This repository provides a standalone implementation of the Qwen3-MoE model that runs without the transformers package.
It uses only the PyTorch standard API and a minimal set of external libraries (tokenizers, safetensors) to support model loading, inference, and text generation.
-
Transformers-free
- Removed all dependencies on the
transformerslibrary by reimplementing the required components locally.

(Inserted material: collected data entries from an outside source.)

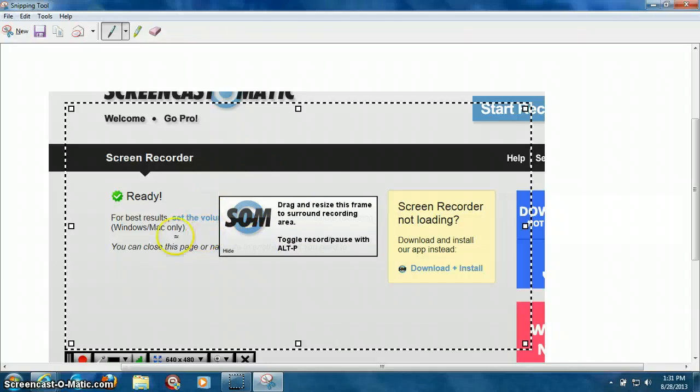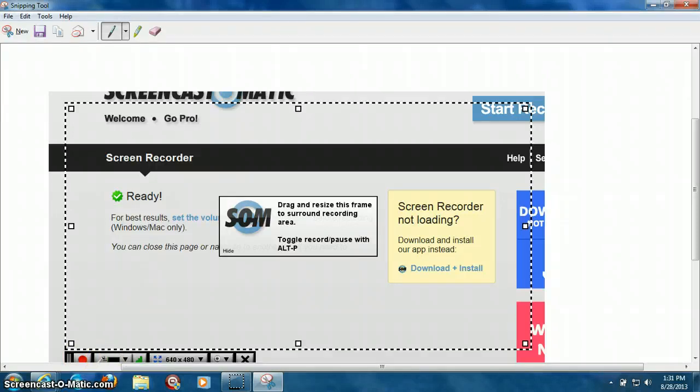And your options are going to be right here at the bottom of the screen. Now, the red button here, this is Record. You have Record, and to the right of that you have your microphone volume if you want to lower it or raise it up a little bit.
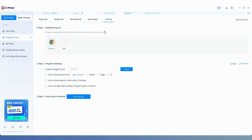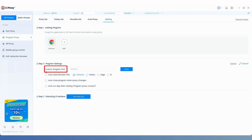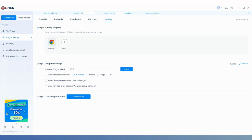In the Step 2 section below, find the Custom Program Port field, and on the right, enter the port number you wish to set.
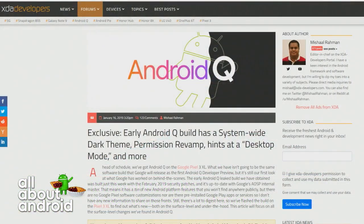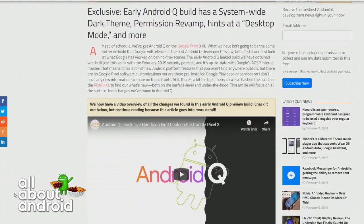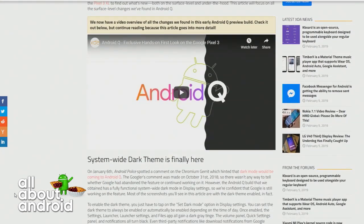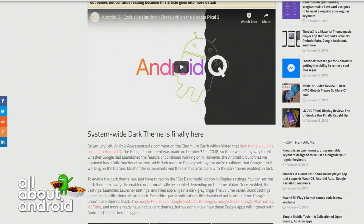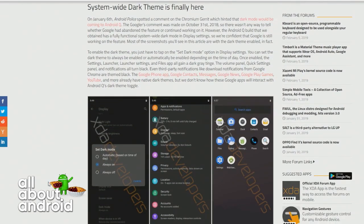So now an app won't have blanket access to external storage. They'll have to request access to read images, read music files, read video files, and read the metadata of image files. So they're really improving privacy in multiple ways.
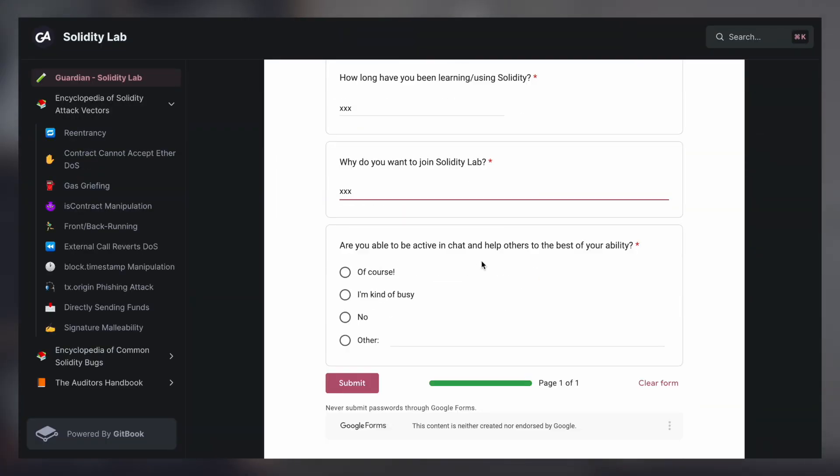If you happen to know anybody who is looking for a smart contract security review, go ahead and send them to guardianaudits.com/quote. And if you are really interested in smart contract security and want to connect with others from around the world, or even potentially team up and compete in team audits of real protocols and get rewarded for your findings, then go ahead and apply to join our community of smart contract security researchers completely for free at lab.guardianaudits.com.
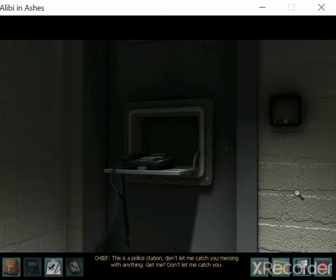This is a police station. Don't let me catch you messing with anything. Get me? Don't let me catch you.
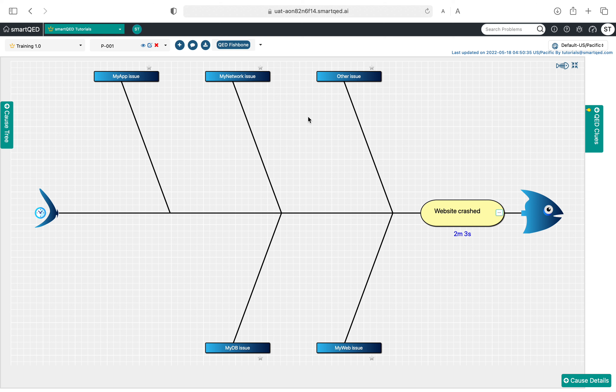This essentially becomes a starting point for incident management to solve the problem further. In a subsequent video we will take a look at how to go ahead and use this skeleton of a fishbone to solve our incident or problem. Thank you.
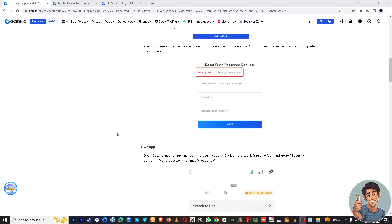And if you still have problems, just click on this help center here and you can talk to a live agent or chat with the support team. Thank you for watching and I'll see you in the next one.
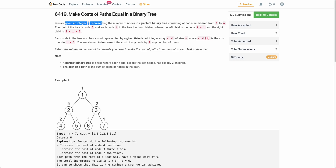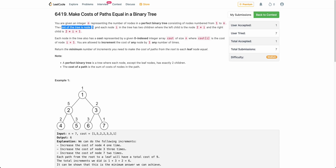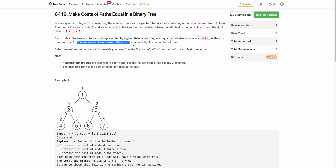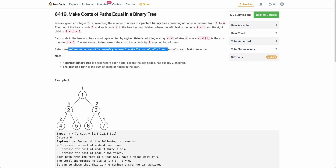The problem states that you are given an integer n representing the number of nodes in a perfect binary tree. The tree is rooted at node 1, and the children of node i are 2*i (left child) and 2*i + 1 (right child). Each node has a cost associated with it, represented by the given cost array. You are allowed to increment the cost of any node by 1 any number of times, and you must return the minimum number of increments to make the cost of every root-to-leaf path equal.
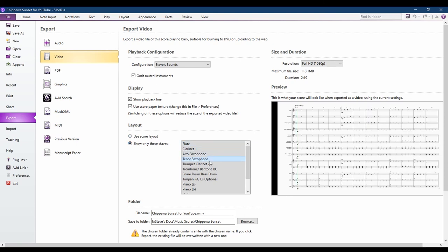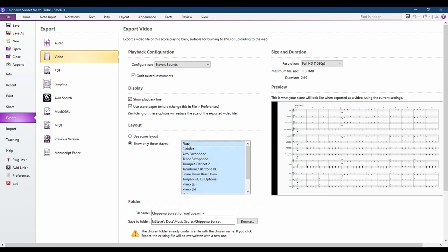If you're working with music for full band or full orchestra, you might want to select a limited number of instruments so that the music appears larger on the screen. Hold down the Control key as you select the instruments that you want to include in the video.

- Removed all dependencies on the
-
Mixture of Experts (MoE)
- Expert gating, top-k routing, and weighted combination based on the Tenstorrent Qwen3-MoE reference.
-
SDPA Attention
- Directly uses PyTorch’s
scaled_dot_product_attention. - Supports Grouped Query Attention (GQA).
- Directly uses PyTorch’s
-
Rotary Position Embedding (RoPE)
- Complex-number based implementation of RoPE.
-
Nucleus Sampling
- Implements Top-p sampling for natural text generation.
-
KV Cache
- Efficient memory usage for long sequence generation.
.
├── qwen3_moe
│ ├── config.json # Example configuration file
│ ├── configuration_qwen3_moe.py # Model hyperparameters and configuration
│ ├── modeling_qwen3_moe.py # Qwen3-MoE model architecture
│ ├── README.md # Module-specific documentation
│ └── rope_helpers.py # RoPE precomputation and application
├── transformers
│ └── sdpa_attention.py # SDPA attention wrapper
├── utils
│ └── structural_types.py # Structural type definitions
├── generation.py # Model loading and text generation
├── main.py # CLI entry point
├── output.txt # Sample generation output
├── README.md # Main project documentation
└── requirements.txt # Python dependencies
git clone https://github.com/junjinyong/Qwen3-MoE
cd Qwen3-MoE
pip install torch tokenizers safetensors fireObtain Qwen3-MoE .safetensors checkpoint files and tokenizer.json from the Hugging Face Hub or another source.
ckpt_dir should contain all safetensor files, and tokenizer_path should point to the tokenizer JSON.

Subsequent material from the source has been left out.